**Assigned task**
Starting at the line that contains "Elegant Yellow Gold", copy every line through the end of the records below exactly as written, leaving out pictures.

--*--

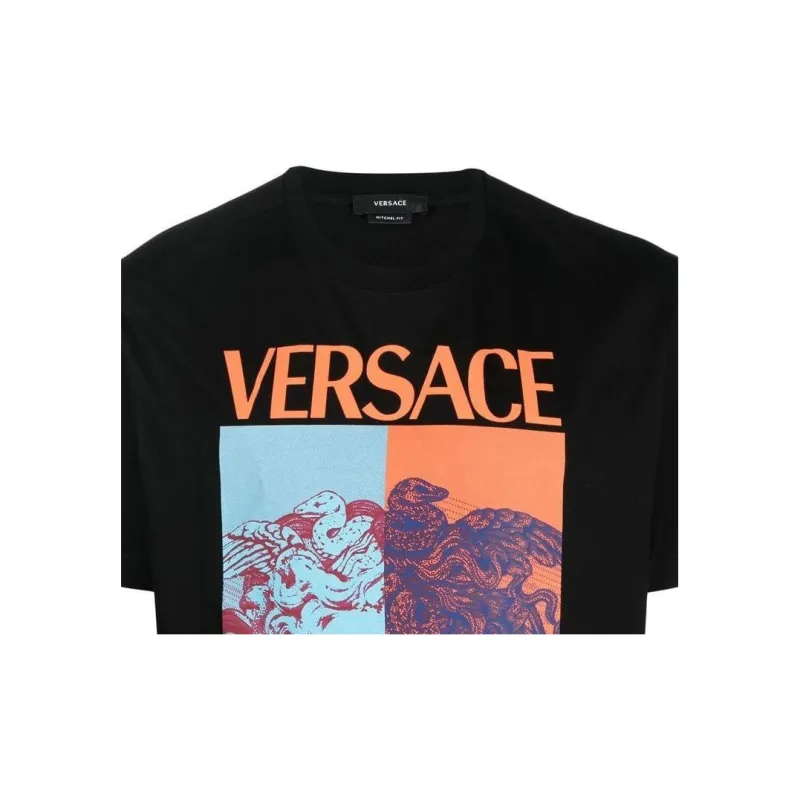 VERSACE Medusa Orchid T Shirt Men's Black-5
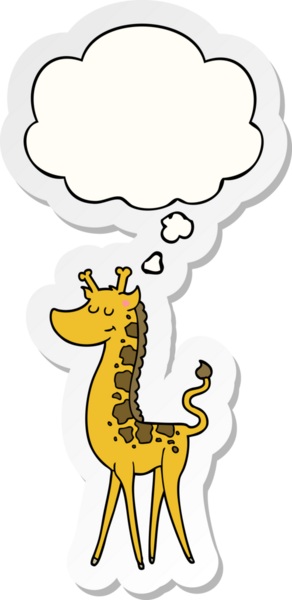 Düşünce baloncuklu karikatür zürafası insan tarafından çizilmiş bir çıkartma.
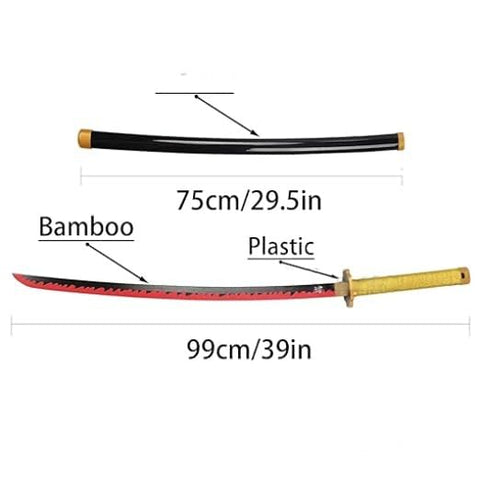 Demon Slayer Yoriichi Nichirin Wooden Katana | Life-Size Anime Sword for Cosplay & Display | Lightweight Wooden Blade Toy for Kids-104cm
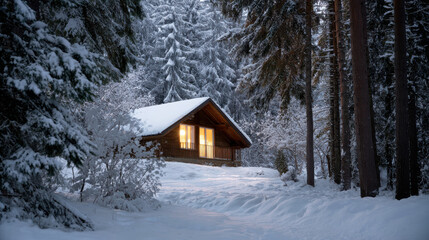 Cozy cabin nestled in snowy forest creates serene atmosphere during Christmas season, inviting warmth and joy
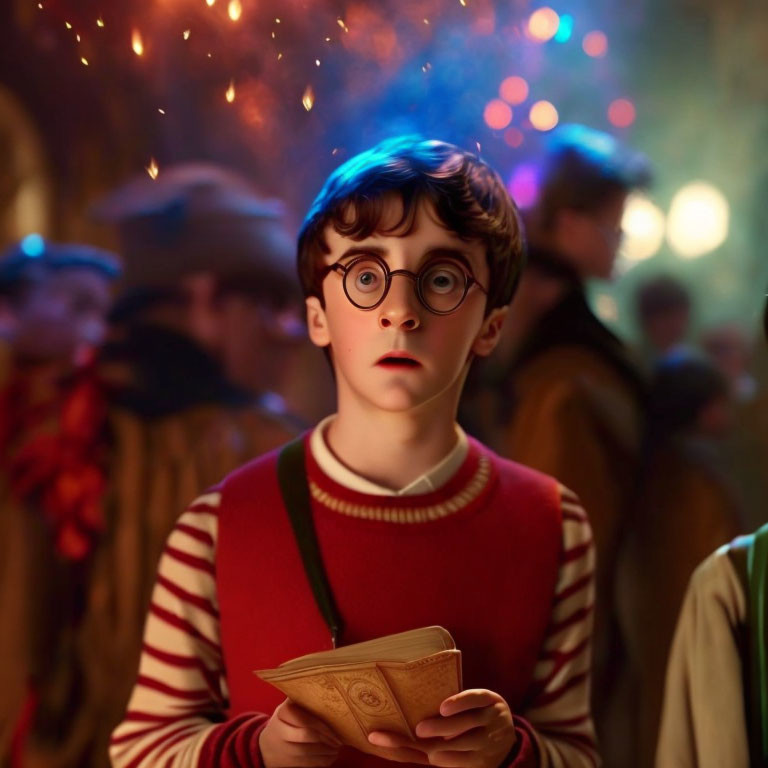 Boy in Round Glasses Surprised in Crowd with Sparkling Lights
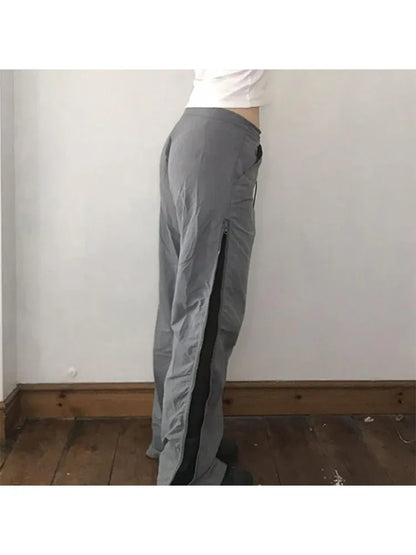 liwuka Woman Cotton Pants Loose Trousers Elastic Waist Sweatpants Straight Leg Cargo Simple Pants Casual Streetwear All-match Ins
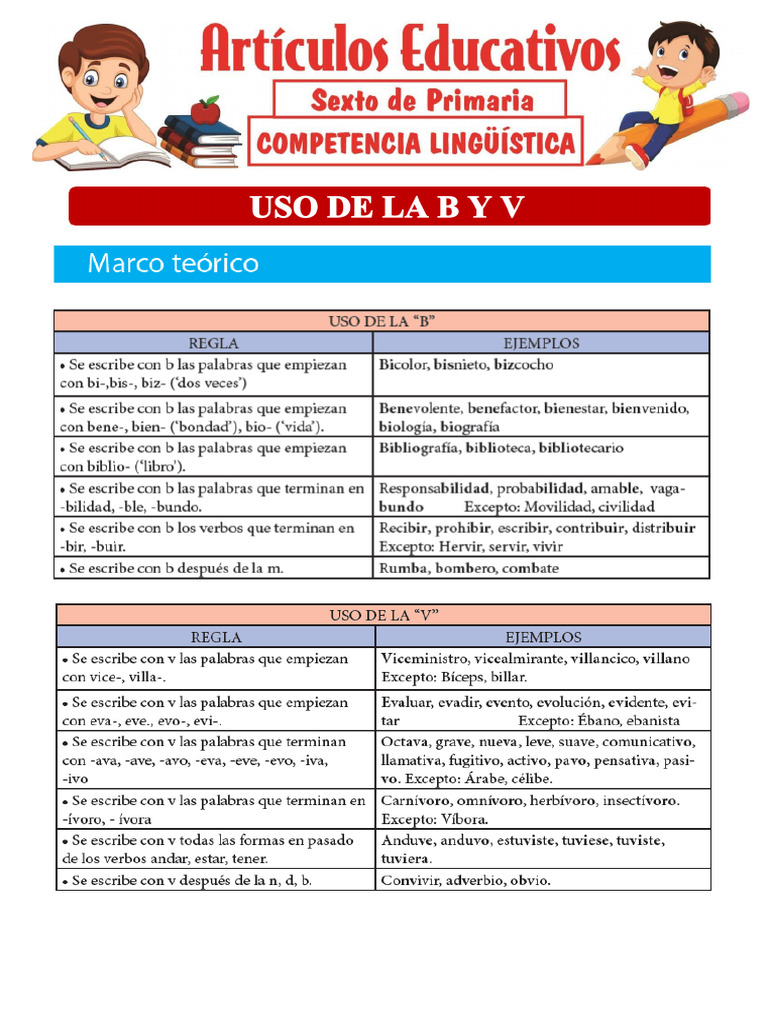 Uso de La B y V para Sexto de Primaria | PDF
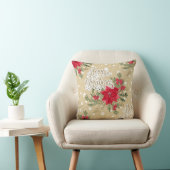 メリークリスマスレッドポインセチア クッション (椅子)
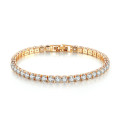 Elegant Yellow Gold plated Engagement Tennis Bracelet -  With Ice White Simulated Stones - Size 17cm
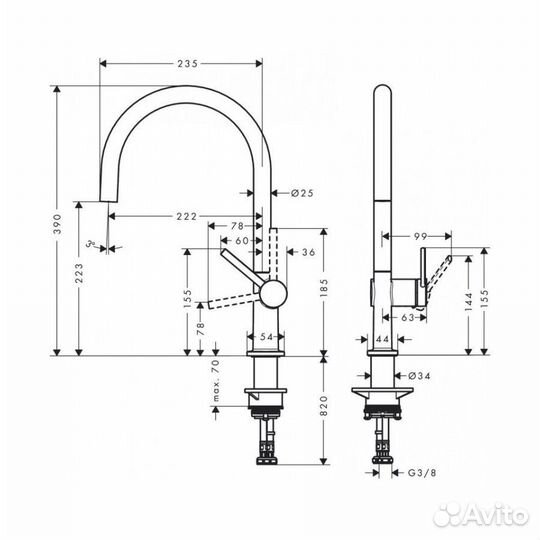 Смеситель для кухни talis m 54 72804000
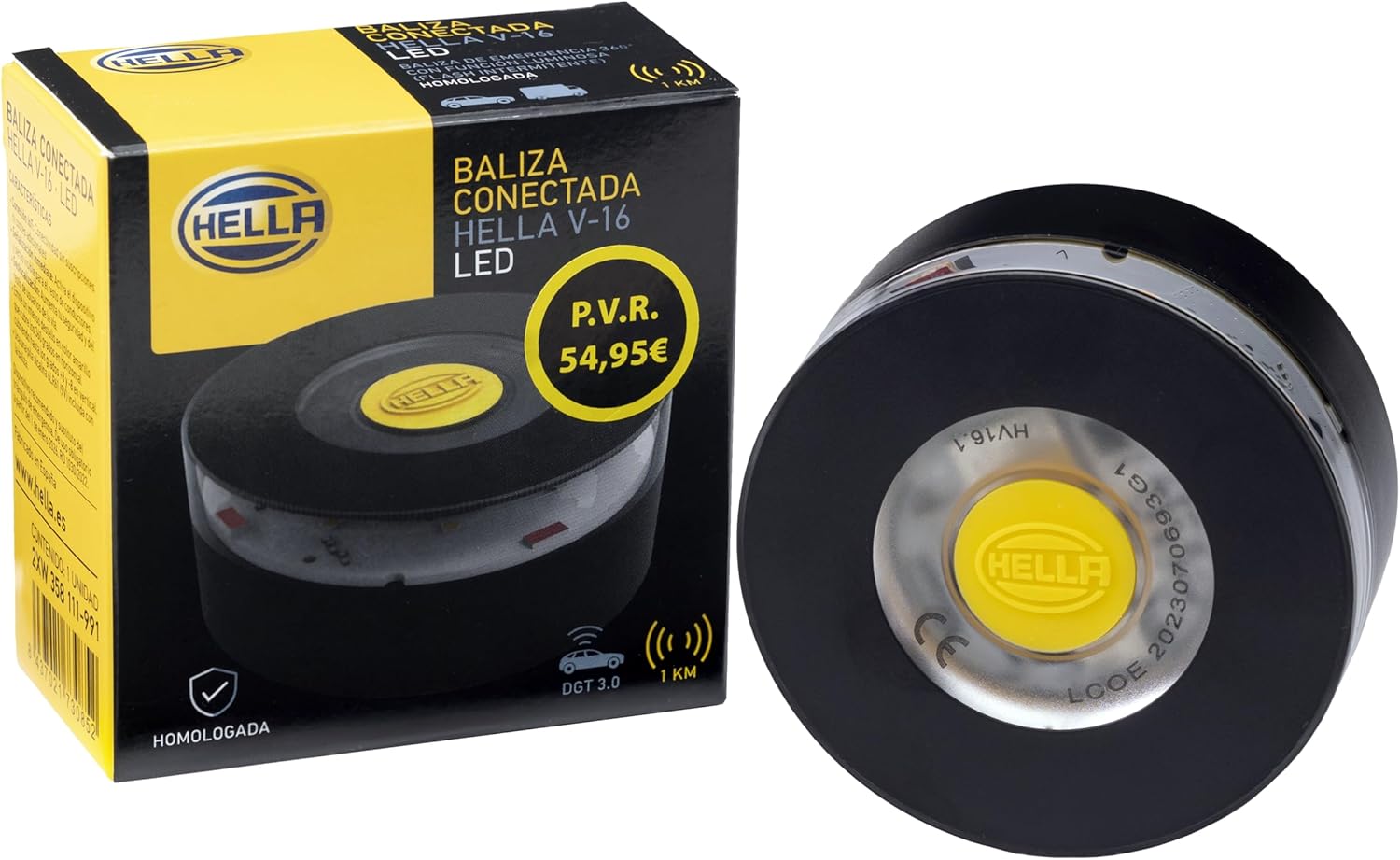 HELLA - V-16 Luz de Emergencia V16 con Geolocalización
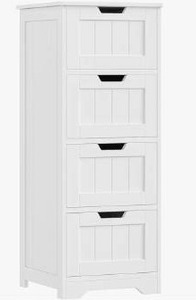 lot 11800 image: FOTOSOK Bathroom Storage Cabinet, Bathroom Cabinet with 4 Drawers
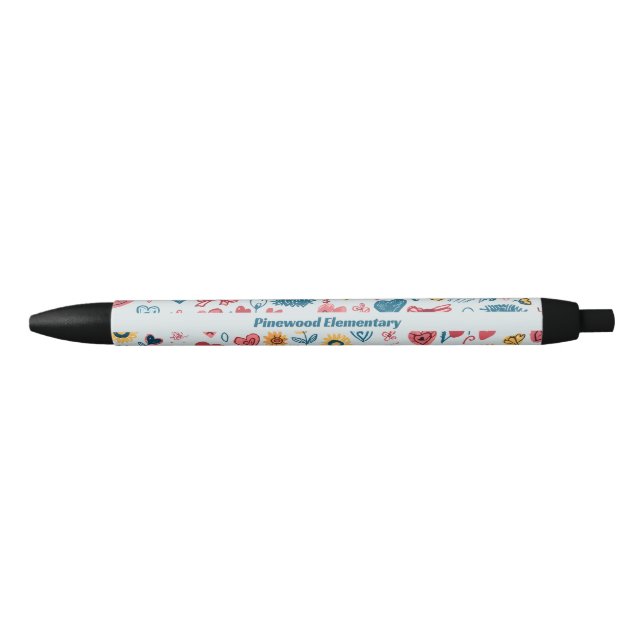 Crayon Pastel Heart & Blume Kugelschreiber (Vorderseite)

--*--

**Output of the exercise**
 Elegant Yellow Gold plated Engagement Tennis Bracelet -  With Ice White Simulated Stones - Size 17cm
 Смеситель для кухни talis m 54 72804000
 HELLA - V-16 Luz de Emergencia V16 con Geolocalización
 lot 11800 image: FOTOSOK Bathroom Storage Cabinet, Bathroom Cabinet with 4 Drawers
 Crayon Pastel Heart & Blume Kugelschreiber (Vorderseite)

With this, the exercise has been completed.